Título: Regra de mercado
Autor:
Fonte: O Globo, 19/03/2005, Opinião, p. 6
Trabalhar não é demérito, ainda que por algum tempo tenha sido na cultura ibérica (quando fidalgos evitavam tomar sol para manterem as peles alvas e não serem confundidos com aqueles que trabalhavam). Além de produzir riquezas materiais que ajudam o ser humano a viver com mais comodidade, o trabalho, seja intelectual ou manual, também eleva os indivíduos espiritualmente.
Como no mundo civilizado a troca define o relacionamento material entre os indivíduos, o trabalho deve ser devidamente remunerado, dentro de condições negociadas a partir de parâmetros que o próprio mercado tende a estabelecer.
Nesse sentido, a experiência internacional mostra que é um equívoco a tentativa de se intervir no mercado para valorizar o trabalho por meio de redução da jornada.
A produtividade sem dúvida tem relação com um certo número de horas trabalhadas por semana.

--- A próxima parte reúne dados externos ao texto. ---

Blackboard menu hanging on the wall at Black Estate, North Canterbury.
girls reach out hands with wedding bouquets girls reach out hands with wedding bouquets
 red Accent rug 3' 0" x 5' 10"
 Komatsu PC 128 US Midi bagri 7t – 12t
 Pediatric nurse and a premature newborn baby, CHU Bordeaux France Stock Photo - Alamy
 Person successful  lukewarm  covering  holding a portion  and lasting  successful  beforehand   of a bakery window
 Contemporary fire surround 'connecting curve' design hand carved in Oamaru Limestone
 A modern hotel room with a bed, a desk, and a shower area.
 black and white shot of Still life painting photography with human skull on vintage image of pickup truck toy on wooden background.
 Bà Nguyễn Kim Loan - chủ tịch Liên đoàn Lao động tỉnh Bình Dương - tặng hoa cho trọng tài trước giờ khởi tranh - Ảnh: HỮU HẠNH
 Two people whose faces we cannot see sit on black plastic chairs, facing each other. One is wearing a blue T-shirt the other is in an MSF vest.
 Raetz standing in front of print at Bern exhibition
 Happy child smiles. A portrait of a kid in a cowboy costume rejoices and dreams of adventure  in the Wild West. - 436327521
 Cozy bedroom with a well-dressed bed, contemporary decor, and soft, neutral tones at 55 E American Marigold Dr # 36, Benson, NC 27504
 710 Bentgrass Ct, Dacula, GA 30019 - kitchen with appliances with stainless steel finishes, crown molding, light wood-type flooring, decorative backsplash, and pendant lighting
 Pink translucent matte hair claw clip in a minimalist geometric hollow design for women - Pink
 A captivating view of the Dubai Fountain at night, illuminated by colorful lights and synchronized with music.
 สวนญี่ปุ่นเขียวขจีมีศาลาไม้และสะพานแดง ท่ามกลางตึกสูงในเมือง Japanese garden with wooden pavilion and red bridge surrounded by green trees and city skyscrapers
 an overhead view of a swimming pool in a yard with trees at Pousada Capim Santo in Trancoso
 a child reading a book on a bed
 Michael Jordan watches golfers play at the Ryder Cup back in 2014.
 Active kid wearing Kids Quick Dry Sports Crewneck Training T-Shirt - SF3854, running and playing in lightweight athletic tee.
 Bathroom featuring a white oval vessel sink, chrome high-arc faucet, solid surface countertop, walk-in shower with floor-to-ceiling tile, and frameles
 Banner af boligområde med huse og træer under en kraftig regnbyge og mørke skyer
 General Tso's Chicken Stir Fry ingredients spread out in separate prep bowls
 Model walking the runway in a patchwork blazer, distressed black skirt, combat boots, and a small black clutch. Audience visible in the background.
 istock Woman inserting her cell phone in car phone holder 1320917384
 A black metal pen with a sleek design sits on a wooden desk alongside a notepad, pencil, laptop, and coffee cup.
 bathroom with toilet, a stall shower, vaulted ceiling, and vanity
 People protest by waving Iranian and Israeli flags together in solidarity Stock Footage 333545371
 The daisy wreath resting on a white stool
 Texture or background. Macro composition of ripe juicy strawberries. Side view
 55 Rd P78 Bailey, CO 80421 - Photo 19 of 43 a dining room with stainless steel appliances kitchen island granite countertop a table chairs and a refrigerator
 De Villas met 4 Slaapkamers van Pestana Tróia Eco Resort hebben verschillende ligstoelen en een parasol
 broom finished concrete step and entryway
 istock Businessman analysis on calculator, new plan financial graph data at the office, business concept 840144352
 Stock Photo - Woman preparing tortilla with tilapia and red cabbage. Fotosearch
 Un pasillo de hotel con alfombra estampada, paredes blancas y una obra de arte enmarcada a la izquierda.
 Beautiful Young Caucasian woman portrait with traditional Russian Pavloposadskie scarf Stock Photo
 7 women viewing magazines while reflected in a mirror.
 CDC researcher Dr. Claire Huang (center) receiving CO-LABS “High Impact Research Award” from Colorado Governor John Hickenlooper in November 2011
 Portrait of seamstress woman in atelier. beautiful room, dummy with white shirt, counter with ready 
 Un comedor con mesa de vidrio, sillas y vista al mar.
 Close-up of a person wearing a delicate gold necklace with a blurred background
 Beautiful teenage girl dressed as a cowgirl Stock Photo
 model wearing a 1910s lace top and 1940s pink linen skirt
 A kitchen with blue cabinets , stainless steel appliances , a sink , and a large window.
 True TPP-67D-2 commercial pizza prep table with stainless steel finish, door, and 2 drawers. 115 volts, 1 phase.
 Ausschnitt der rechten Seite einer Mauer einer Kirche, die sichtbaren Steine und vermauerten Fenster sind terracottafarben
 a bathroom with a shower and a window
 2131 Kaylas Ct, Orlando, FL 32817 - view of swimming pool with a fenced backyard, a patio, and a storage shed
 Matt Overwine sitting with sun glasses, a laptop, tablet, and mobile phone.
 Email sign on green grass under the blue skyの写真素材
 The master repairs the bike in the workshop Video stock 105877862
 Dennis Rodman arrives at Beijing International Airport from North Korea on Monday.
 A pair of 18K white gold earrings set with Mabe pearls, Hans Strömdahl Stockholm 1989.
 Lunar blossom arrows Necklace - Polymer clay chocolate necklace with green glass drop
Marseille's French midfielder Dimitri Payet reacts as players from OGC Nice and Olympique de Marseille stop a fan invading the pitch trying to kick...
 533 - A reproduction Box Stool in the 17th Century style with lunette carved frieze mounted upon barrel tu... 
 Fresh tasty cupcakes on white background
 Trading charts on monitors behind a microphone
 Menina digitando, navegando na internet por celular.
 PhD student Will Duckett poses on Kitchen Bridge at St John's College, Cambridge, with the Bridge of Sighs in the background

No mundo moderno, dificilmente se repetiriam quadros semelhantes aos do início da Revolução Industrial, porque isso seria contraprodutivo.
Na França, os socialistas levaram avante a bandeira da redução da jornada de trabalho ao governo, e tal iniciativa não ampliou o número de empregos. Ao contrário, a economia se viu ameaçada por perda de competitividade, e agora a França busca como saída a flexibilização da jornada, transferindo ao mercado o papel de regulador. Mesmo na China, onde a oferta de mão-de-obra sempre foi abundante, o mercado tem funcionado, e os salários se multiplicaram por dez nos últimos quinze anos.